RECORDKEEPING AND REPORTING
OSHA’s New Electronic Recordkeeping Rule to Take Effect in August
In May, OSHA issued a new final rule that will require employers in high-hazard industries to transmit to OSHA information about workplace injuries and illnesses, which employers already record on OSHA Forms 300, 300A, and 301. The new requirements take effect on Aug. 10, 2016, with a phase-in period for data submissions beginning in 2017. OSHA will remove all personally identifiable information from the data and publish it on the agency’s website.
According to OSHA, the rule is intended to better inform workers, employers, the public, and the agency about workplace hazards. OSHA stresses that these new requirements do not add to or change employers’ obligation to complete and retain injury and illness records under OSHA’s Recording and Reporting Occupational Injuries and Illness regulation.
During a call with reporters to introduce the new rule, Assistant Secretary of Labor for OSHA David Michaels, PhD, MPH, stated that access to these data will allow the agency to use its resources more efficiently.

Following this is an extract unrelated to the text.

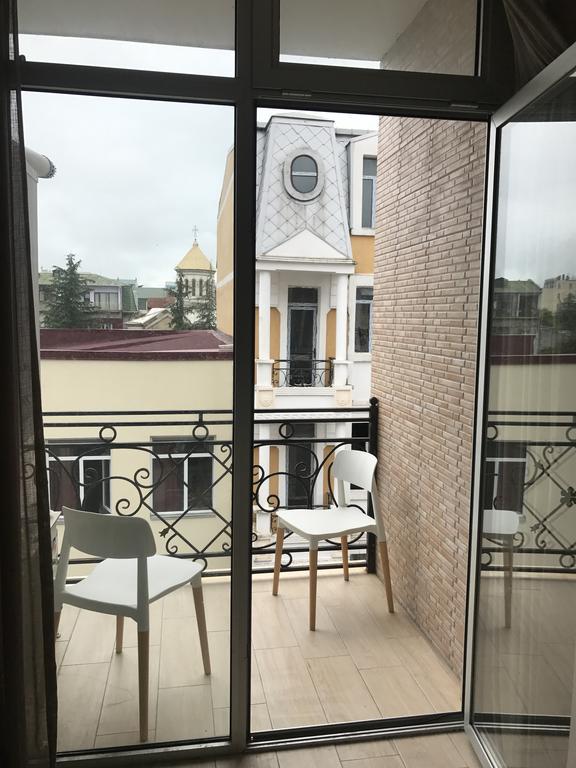 Piazza Apartment Батуми Екстериор снимка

According to Michaels, the new rule will help OSHA identify those workplaces where workers are at greatest risk. For example, the data might prompt the agency to refer high-rate small- and medium-sized employers to OSHA’s free on-site consultation program, or to send hazard-specific outreach information to employers.
Once the data is made public, prospective employees could use it to identify workplaces where their risk of injury is lowest, Michaels said. Employers could also use the information to benchmark their health and safety performance against others in their industry.